Le Olimpiadi moderne sono spesso considerate un avvenimento puramente sportivo, ma in realtà la politica internazionale ne ha definito storia e successo sin dal loro esordio, voluto da de Coubertin per riportare in auge gli antichi Giochi olimpici. In questa nuova edizione il libro mostra come ogni Olimpiade, da Atene 1896 ai controversi Giochi di Parigi 2024, sia il riflesso della costante tensione tra vicissitudini nazionali e internazionali di un mondo in continuo cambiamento, in cui sfide, problemi e valori sono sempre nuovi. Tra record, medaglie, boicottaggi, propaganda, doping, questioni di genere e marketing, ognuna di esse ci aiuta a comprendere gli ultimi 130 anni della storia globale.
Umberto Tulli è professore associato presso il Dipartimento di Lettere e Filosofia dell'Università di Trento.
Dal capitolo 4. Le Olimpiadi della globalizzazione (pagg. 102-104)
Nel 1992, il mondo era oramai cambiato. Il Muro di Berlino era crollato, l’Urss era implosa, l’Europa dell’Est si era avviata verso una stabilizzazione democratica, le due Germanie si erano riunite in un unico Stato. Le reazioni internazionali per la fine pacifica della Guerra fredda oscillarono tra gli entusiasmi e i trionfalismi di chi riteneva che l’Occidente avesse vinto e le posizioni più caute di chi non nascondeva i propri dubbi e i propri timori per un sistema internazionale dal futuro incerto e potenzialmente instabile. In molti auspicarono che l’architettura delle relazioni internazionali che era stata tracciata dopo la Seconda guerra mondiale – un sistema che si riteneva essere stato paralizzato dallo scontro bipolare – potesse finalmente funzionare. Si trattava, disse il nuovo presidente americano George Bush, di realizzare un nuovo ordine mondiale, basato sul diritto internazionale, sull’Onu, sul multilateralismo, sull’estensione della democrazia e dell’economia di mercato. I banchi di prova di questo nuovo ordine internazionale furono la transizione alla democrazia dell’Europa dell’Est e dell’Urss, la prima Guerra del Golfo e il conflitto etnico che si aprì nell’ex Iugoslavia a partire dal 1991, quando Slovenia e Croazia dichiararono la propria indipendenza e la Serbia dichiarò loro guerra.
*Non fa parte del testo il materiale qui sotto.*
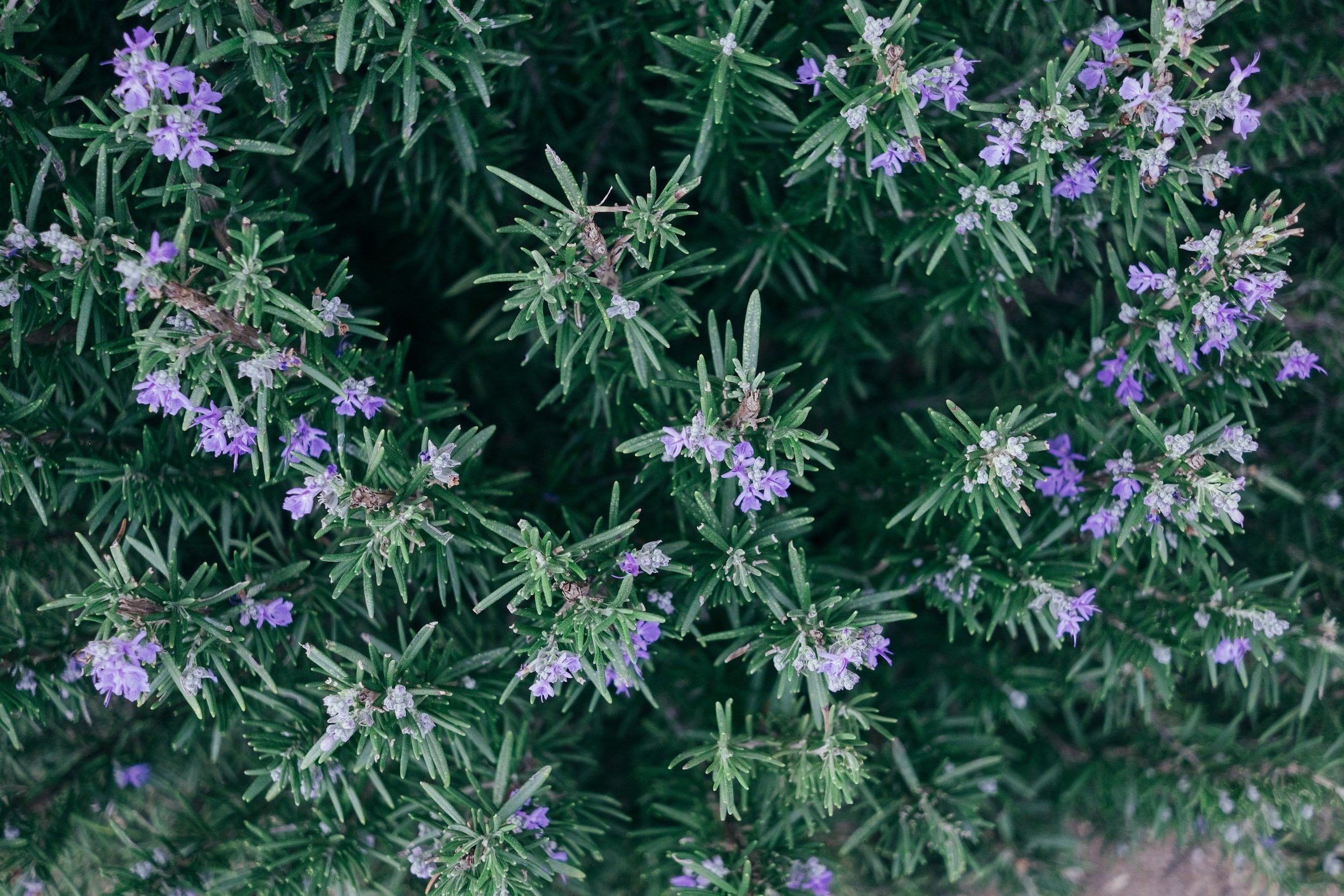 How to Dry Rosemary, Step by Step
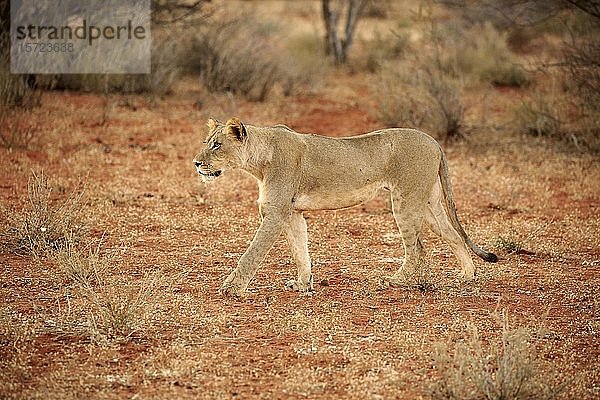 Löwin (Panthera leo)  erwachsen  weiblich  laufend  Tswalu Wildreservat  Kalahari  Nordkap  Südafrika  Afrika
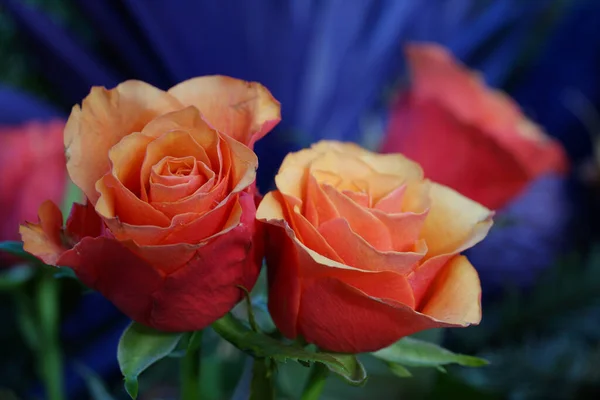 Zbliżenie Dwóch Pomarańczowych Róż Zielonymi Łodygami — Zdjęcie stockowe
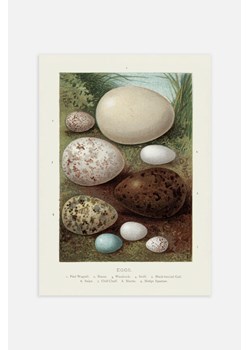 H & M - Vintage Bird Eggs Plakat - Pomarańczowy ze sklepu H&M w kategorii Dekoracje ścienne - zdjęcie 169997201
Questi nuovi scenari condizionarono anche la politica olimpica. Da una parte, molti commentatori ed esponenti del Cio suggerirono che le Olimpiadi – ritratte come un forum per sviluppare relazioni pacifiche – potevano contribuire al rafforzamento del multilateralismo, del dialogo e della cooperazione internazionale. Per questo, nei mesi che precedettero l’apertura dei Giochi di Barcellona 1992, il Cio finanziò un programma di assistenza umanitaria per la popolazione della Bosnia-Erzegovina, vittima della guerra nella ex Iugoslavia. Dato il successo di questo programma, il 21 luglio 1992, il Cio e 184 comitati olimpici nazionali proposero all’Onu di rispolverare la celebre usanza della Grecia classica e istituire una tregua olimpica. Il progetto venne poi approvato dall’Assemblea delle Nazioni Unite il 25 ottobre 1993: esso faceva esplicito riferimento alla ekecheiria greca (letteralmente: “mani ferme”) e chiedeva che, dal settimo giorno precedente all’apertura dei Giochi fino al settimo successivo alla loro chiusura, fosse osservata una tregua olimpica con l’interruzione di ogni conflitto in corso.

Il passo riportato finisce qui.